Economist Omu Kakujaha-Matundu has warned that an increase in rates and taxes will place a heavy burden on Windhoek residents.
The senior University of Namibia lecturer stressed that during the prevailing times of Covid-19, the city should rather consider cutting its own costs before thinking of hiking
“Hiking rates may not be productive as it could only lead to higher default rates and lower revenue for the city. Consumers are now placed under a power press, and will be squeezed more and more,” he reasoned.
Kakujaha-Matundu said many families are struggling to support those who lost their jobs due to the Covid-19 pandemic, and this added burden of proposed increased tariffs would send many families hungry to bed.

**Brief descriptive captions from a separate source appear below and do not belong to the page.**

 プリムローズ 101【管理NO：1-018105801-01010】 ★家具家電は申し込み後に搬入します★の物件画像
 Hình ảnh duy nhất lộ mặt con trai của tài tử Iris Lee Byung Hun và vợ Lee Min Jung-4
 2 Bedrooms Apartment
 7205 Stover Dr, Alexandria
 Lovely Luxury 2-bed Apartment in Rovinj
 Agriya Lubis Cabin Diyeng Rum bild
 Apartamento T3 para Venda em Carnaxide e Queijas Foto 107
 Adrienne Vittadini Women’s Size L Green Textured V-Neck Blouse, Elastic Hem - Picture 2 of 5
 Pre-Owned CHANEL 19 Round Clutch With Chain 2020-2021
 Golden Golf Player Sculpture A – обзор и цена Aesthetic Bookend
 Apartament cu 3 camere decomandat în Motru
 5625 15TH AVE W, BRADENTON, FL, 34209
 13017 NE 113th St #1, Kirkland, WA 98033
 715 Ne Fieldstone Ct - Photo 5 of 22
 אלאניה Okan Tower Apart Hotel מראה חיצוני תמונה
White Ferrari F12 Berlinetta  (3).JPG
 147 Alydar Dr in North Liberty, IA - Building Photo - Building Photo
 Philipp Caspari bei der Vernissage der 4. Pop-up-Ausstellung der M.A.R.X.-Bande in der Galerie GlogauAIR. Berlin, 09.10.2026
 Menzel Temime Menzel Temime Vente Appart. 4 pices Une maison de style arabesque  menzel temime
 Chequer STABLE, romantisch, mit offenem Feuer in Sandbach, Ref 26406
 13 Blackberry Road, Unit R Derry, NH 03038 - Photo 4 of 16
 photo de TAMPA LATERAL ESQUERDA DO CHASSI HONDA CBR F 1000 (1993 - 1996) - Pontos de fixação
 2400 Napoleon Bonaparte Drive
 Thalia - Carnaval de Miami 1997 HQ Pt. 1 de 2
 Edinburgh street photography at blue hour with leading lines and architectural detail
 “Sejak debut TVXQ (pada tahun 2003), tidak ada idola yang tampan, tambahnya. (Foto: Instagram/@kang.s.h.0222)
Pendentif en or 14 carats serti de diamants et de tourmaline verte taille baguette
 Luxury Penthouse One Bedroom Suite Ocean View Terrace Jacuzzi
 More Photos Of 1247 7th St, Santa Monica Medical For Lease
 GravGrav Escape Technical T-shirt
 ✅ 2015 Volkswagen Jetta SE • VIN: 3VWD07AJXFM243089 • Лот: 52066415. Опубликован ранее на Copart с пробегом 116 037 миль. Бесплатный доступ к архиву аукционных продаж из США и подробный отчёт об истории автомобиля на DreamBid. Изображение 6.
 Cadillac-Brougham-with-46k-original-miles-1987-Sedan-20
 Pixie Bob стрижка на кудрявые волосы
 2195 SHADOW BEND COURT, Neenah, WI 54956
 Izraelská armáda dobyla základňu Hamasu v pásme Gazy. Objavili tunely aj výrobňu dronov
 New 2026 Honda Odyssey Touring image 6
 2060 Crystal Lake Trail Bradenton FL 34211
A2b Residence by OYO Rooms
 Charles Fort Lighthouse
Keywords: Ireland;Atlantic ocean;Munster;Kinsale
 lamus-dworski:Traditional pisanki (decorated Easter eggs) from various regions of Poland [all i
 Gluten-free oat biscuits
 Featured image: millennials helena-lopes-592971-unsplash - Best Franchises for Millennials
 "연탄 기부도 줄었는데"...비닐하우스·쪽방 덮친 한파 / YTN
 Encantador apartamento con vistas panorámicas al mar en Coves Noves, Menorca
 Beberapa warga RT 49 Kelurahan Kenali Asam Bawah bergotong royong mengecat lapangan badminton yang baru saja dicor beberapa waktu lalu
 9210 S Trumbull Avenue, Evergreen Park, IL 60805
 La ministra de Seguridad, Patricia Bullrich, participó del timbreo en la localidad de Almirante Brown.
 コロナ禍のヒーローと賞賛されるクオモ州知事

The future will thus be a painful one, he added.
The chairperson of the city’s management committee Fillemon Hambuda stated during a recent budget presentation that the council is not generating enough revenue from tariffs to cover its operating and capital expenses.
He said for the 2021/2022 financial year, the majority of tariffs have not been increased.
The city, however, anticipates increasing some tariffs.
The electricity tariffs will be amended once the regulator, the Electricity Control Board (ECB), pronounces itself on the operating and reporting manual to be submitted.
“For the budget, a 5% tariff increase for electricity was applied for. The water tariff adjustments are still under consideration, and will be adjusted pending communication from NamWater. And for sewerage, no tariff increase was proposed,” he outlined.
Hambuda added that on the refuse removals and solid waste charges, a 5% tariff increase was proposed while for property rates, no tariff increase was suggested. For bus services, increases of 7% and 6% for smartcard fares and cash fares were proposed, respectively.
Furthermore, the chairperson said the current strategic plan will come to an end in 2022, and the municipal council will start with the drafting of the new strategic and transformation plan in 2021. This will speak to residents’ needs, especially those in the informal settlements, but also focusing on financial sustainability.
The total budget of the council amounts to N$4.9 billion for the 2021/2022 financial year. Of that amount, N$507 million is for capital projects and N$4.4 billion is for operating expenditure, including the maintenance of existing infrastructure.